One of the most unique aspects of golf wagering and one that present itself on a regular basis, is hedging. Should you hedge? How should you do it? When should you do it?
What is Hedging?
Hedging, very simply, is making a secondary wager to ensure a profit on your primary wager and/or lessen your risk. There are some very tangible examples in other sports, so let’s look at one from the NFL. If you bet $100 on the Philadelphia Eagles to win the Super Bowl prior to the season at 40-1 odds, you’d be in line to cash out $4,100 if the Eagles do indeed win the Super Bowl. Let’s assume they face the New England Patriots in the Big Game and you have a very easy hedging opportunity. You can bet an amount of money, let’s say $2,000 on the Patriots at -200. So your two outcomes are:
- Eagles win the Super Bowl – You win $4,100 on your future and lose $2,000 on your hedge for a $2,100 profit.

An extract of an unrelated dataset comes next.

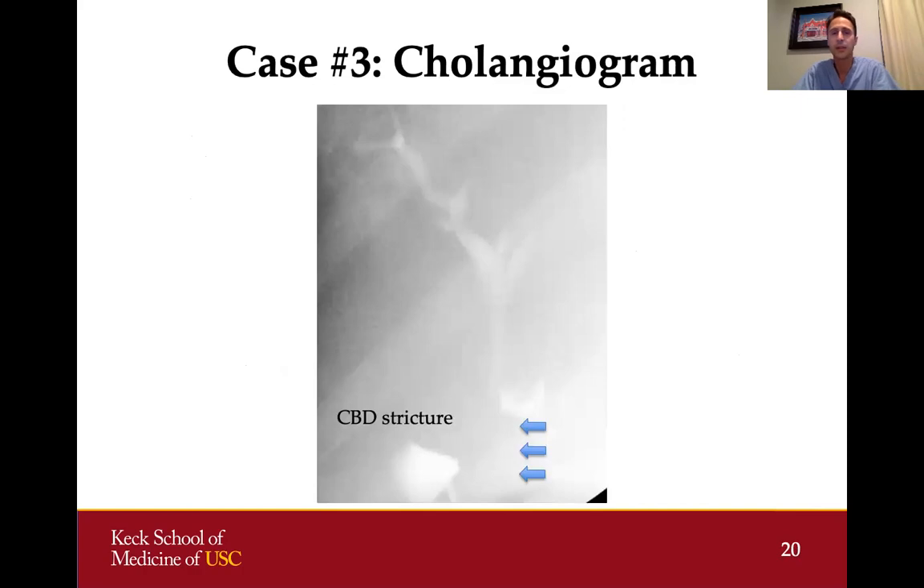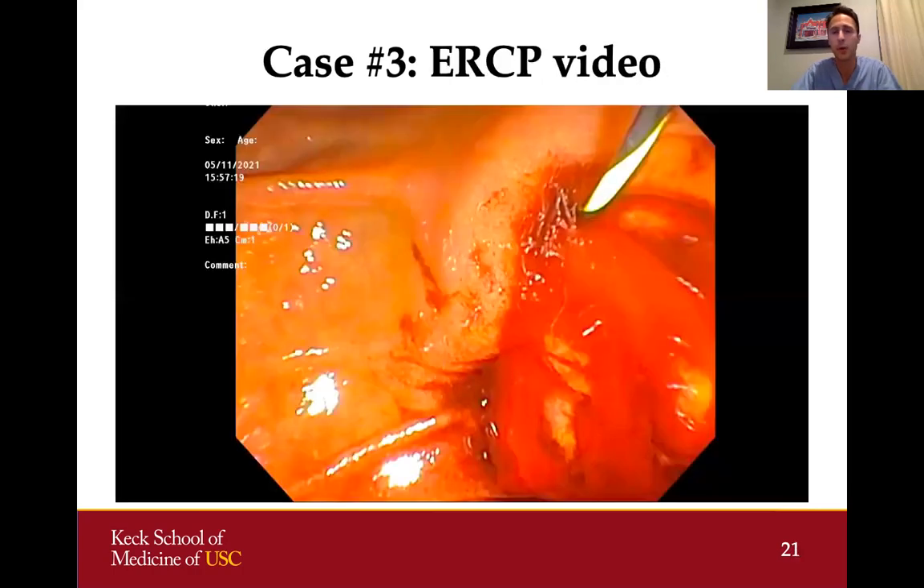On cholangiogram, we can see the common duct and the right and left hepatic ducts. Where the blue arrows point, there is a large filling defect in the distal bile duct representing a stricture of the common bile duct. The decision was made to perform a sphincterotomy so that further stenting and therapy could be performed.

- Patriots win the Super Bowl – You lose $100 on your future and win $1,000 on your hedge for a $900 profit.
In this scenario, there are no other possible outcomes, so you guaranteed yourself a victory.
Why is Golf Hedging Unique?
There’s really no other sport in which you can be holding a large ticket that you placed on a longshot just a few days prior. Think about it, where else can you find a 50-1 or 100-1 ticket that has a realistic chance of cashing on a near weekly basis? Most other scenarios in sports wagering would require you to place a future bet on a team to win the Championship, for example, and you’d need to wait six to nine months for that ticket to cash.

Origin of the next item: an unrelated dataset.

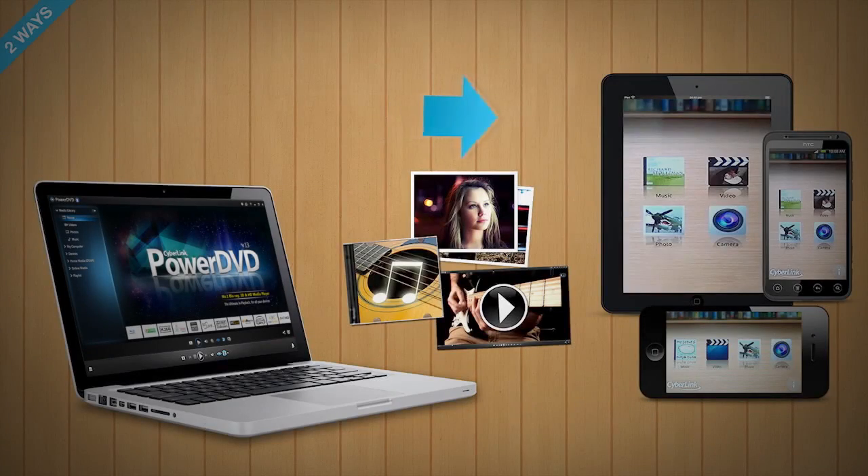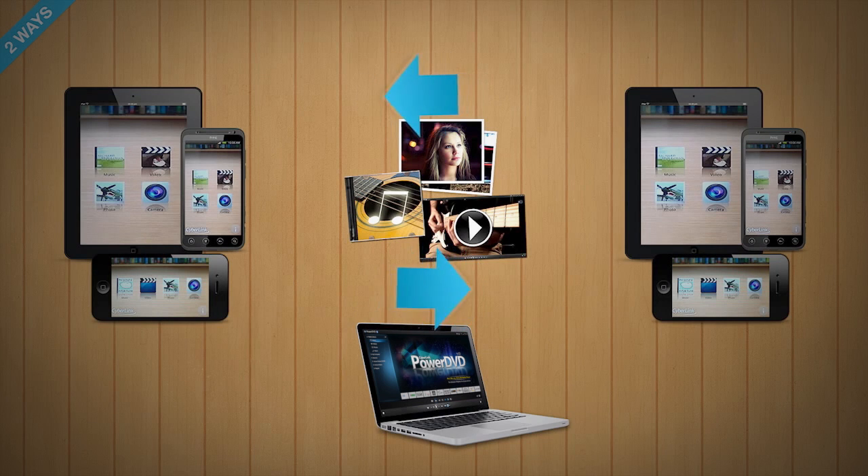In the same way, you can play back media content in your PC's PowerDVD application to mobile devices running PowerDVD Mobile, or play content between two mobile devices with PowerDVD Mobile.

In golf, these situations are occurring nearly every week which often puts you in a difficult position about when and how to hedge. The problem with golf hedging is that these scenarios are not binary, meaning there are really endless different outcomes. Unlike our NFL example above, it’s not this team OR that that. It’s this guy or that guy or maybe one of those guys. There are sometimes a dozen different golfers with a realistic chance to win the event at the time you are looking to hedge.
When Should You Hedge?
The most common time to hedge your outright ticket would be after the third round. Not only has every golfer played the same number of holes but the natural break allows for you to really assess your options without having to make a split-second decision. Let me provide you with a recent, real-life leaderboard after the third round. NOTE: I have changed the player’s names for ease, but the scores, live odds and opening odds are all real.

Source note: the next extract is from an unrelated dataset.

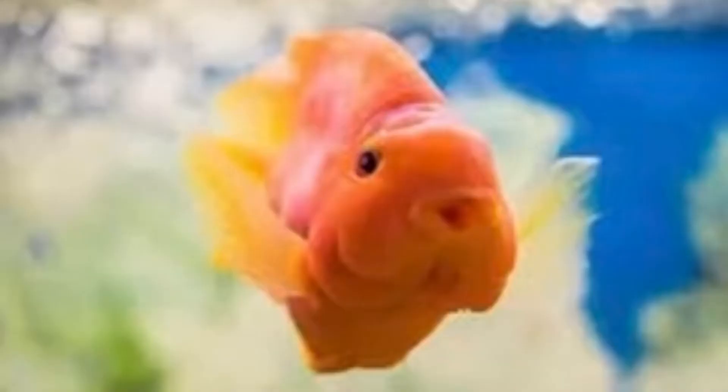Welcome guys to my podcast and welcome back to this channel, Mark's Fish Care. Today I want to talk about blood parrot cichlids, so let's start with their typical behavior.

- Patrick Reed -17, Live Odds: -125, Opening Odds +5000
- Justin Thomas -14, Live Odds: +500, Opening Odds +1500
- Rory McIlroy -13, Live Odds: +500, Opening Odds +1800
- Jon Rahm -12, Live Odds: +1400, Opening Odds +1100
- Bryson DeChambeau -12, Live Odds +1800, Opening Odds +2000
Let’s imagine that you are holding a pre-tournament +5000 ticket on Patrick Reed that you placed $100 on, meaning you’re due for a $5,100 payout if Reed wins the tournament. If you wanted to hedge, how would you do it? There are multiple golfers who have a chance to win the event and placing a small wager on all of them would really dilute your potential winnings.
Leads Aren’t That Safe
In the above example, Reed’s three-shot lead might feel insurmountable but let me assure you… it is not. In fact, a golfer with a three-shot lead going into the final round only wins the tournament 43.8% of the time. Less than half the time! Even larger leads aren’t locks according to these historic win rates after three rounds:
- 1 Shot Lead: 30.6% Win Rate
- 2 Shot Lead: 39.7% Win Rate
- 3 Shot Lead: 43.8% Win Rate
- 4 Shot Lead: 76.1% Win Rate
- 5 Shot Lead: 79.5% Win Rate
The larger the lead, the more difficult it becomes to hedge in my opinion. Still using the scenario above, if Reed does not win the tournament it’s more likely that he stumbles and comes back to the field instead of one golfer shooting a ridiculously low score and beating him. If Reed does indeed come back to the field, he just gave an opportunity to a half dozen golfers to beat him. Meaning more golfers are live to win, making a hedge even more difficult.
The Best Ways To Hedge
To me, trying to figure out which chaser might derail my large outright ticket is a fool’s errand. It’s one that will require plenty of guessing and lots of luck. I’d prefer to hedge in some non-conventional ways.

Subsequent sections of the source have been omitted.